** Opening Dataset records block **
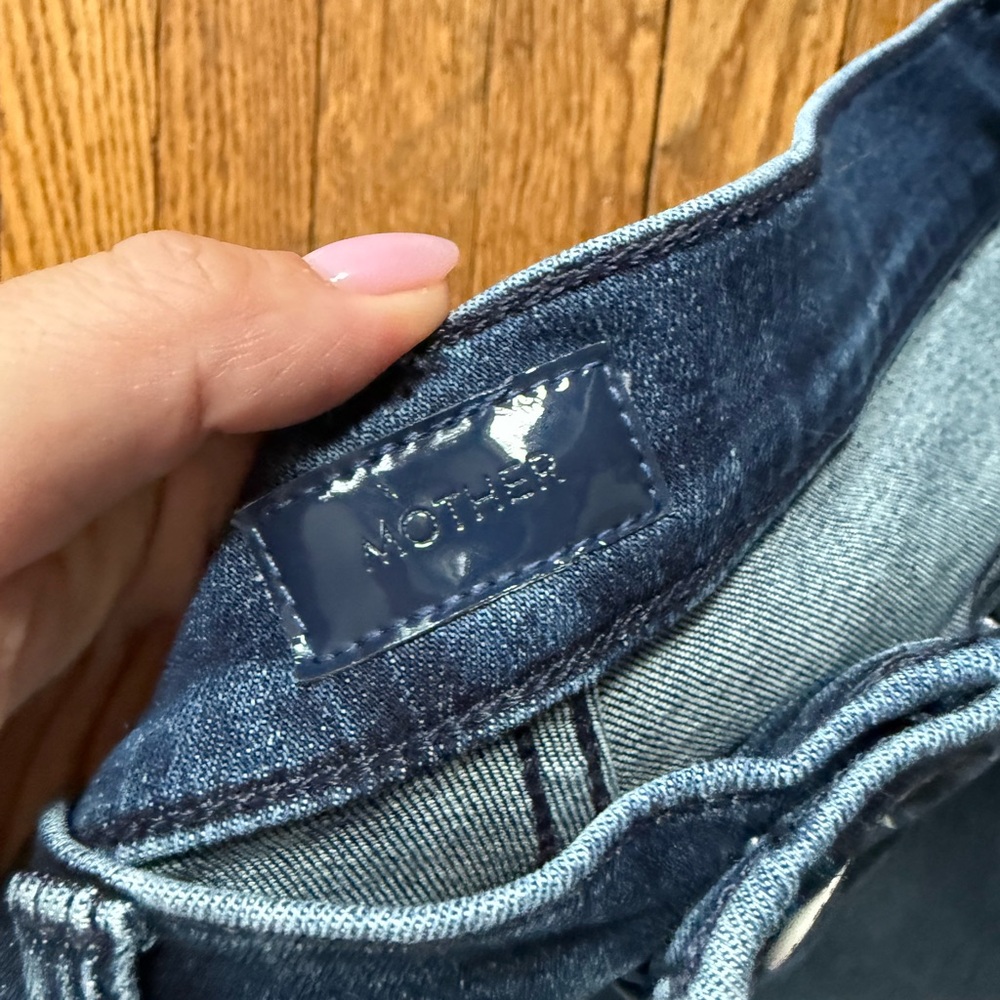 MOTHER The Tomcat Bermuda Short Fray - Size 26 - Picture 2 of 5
** Closing Dataset records block **
** Opening Dataset records block **
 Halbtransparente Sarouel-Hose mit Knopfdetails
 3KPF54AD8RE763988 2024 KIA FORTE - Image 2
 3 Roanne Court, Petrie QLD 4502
** Closing Dataset records block **
** Opening Dataset records block **
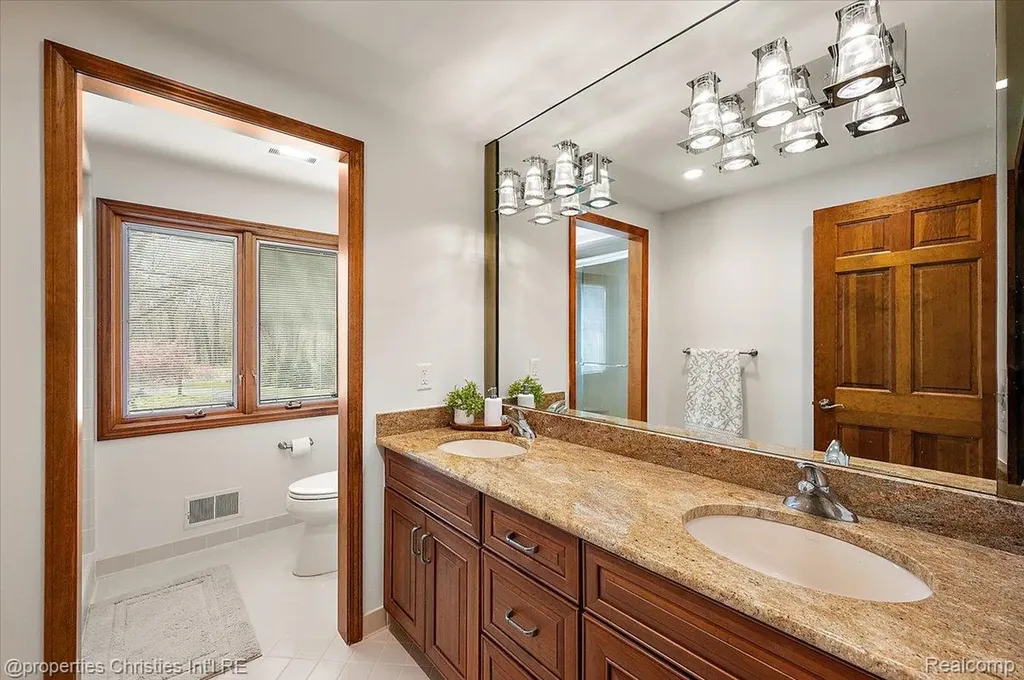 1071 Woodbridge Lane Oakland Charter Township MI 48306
** Closing Dataset records block **
Transcribe each line of the data above, unaltered, from the one where "3KPF54AD8RE763988 2024 KIA FORTE - Image 2" appears to the one where "3 Roanne Court, Petrie QLD 4502" appears, inclusive of both.

 3KPF54AD8RE763988 2024 KIA FORTE - Image 2
 3 Roanne Court, Petrie QLD 4502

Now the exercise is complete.